O que Michelle Obama, Viola Davis e Camila Pitanga têm em comum? Elas estão entre as milhares de pessoas —celebridades ou não— que postaram em suas redes sociais o vídeo da apresentação de ginástica artística da norte-americana Nia Dennis.

A jovem de 21 anos viralizou na internet após usar trechos de canções de Kendrick Lamar, Tupac, Missy Elliott e Beyoncé em sua performance —criando um tributo a artistas negros, segundo ela, inspirado pelo movimento Black Lives Matter (vidas negras importam).

"Queria que a apresentação fosse uma celebração a tudo que as pessoas negras podem fazer, a tudo que podemos superar. No meio de toda adversidade e opressão que enfrentamos, aqui estamos", afirmou a ginasta ao "The Lily", publicação feminina do jornal "The Washington Post".

Entre tantas acrobacias incríveis, Nia eternizou em sua coreografia um movimento menos complexo do que duplos mortais, mas muito mais profundo: o gesto de colocar uma coroa imaginária no topo da própria cabeça. Gesto esse que já fazia parte de sua apresentação anterior —embalada por canções de Beyoncé e que também viralizou há cerca de um ano, fazendo dela uma celebridade nos EUA. A ginasta chegou a ir até ao programa de TV de Ellen DeGeneres.

Segundo Nia, o conceito da apresentação foi inspirado nos protestos recentes contra o racismo. "O assunto de que fala o Black Lives Matter é tão pesado, é difícil para as pessoas discuti-lo. Às vezes, você precisa encontrar as pessoas onde elas estão, com uma celebração. Cada canção [usada na coreografia] é de um grande artista negro, que teve um grande impacto na cultura negra, que teve um grande impacto em mim. Então, estou literalmente celebrando o que eles fizeram e curtindo", afirmou ao "The Lily".

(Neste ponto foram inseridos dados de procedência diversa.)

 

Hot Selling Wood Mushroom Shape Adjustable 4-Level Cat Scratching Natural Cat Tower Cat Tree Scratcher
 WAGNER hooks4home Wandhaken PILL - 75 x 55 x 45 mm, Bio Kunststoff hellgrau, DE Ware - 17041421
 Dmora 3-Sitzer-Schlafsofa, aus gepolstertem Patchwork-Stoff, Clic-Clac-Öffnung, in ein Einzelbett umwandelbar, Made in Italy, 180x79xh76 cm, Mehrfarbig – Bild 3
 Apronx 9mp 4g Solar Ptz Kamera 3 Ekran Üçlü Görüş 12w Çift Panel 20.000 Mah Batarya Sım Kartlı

A alegria, a vibração e o gingado que Nia mostra na apresentação de solo tornam óbvio o que ela diz. Além de encantador. Mas a ginasta, que faz parte da célebre e inovadora equipe da UCLA (Universidade da Califórnia, em Los Angeles), lembra também que enfrentou problemas e discriminação na ginástica —um esporte que tem estrelas negras, como a supercampeã Simone Biles, mas que ainda é majoritariamente branco.

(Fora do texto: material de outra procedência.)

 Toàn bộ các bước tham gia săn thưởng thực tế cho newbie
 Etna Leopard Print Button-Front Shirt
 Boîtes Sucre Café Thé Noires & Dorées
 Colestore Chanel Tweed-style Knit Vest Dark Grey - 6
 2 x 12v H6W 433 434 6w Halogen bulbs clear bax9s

"Tem sido uma luta tentar me encontrar como uma mulher negra na América. Sempre me disseram que eu não era boa o suficiente, e eu tentei mudar para me encaixar na imagem ideal que todos queriam que eu tivesse. Aí eu vim para a UCLA, um lugar onde eu posso celebrar a excelência negra, onde posso me celebrar. Não posso imaginar nenhum outro lugar onde eu poderia ser eu mesma da forma que sou aqui."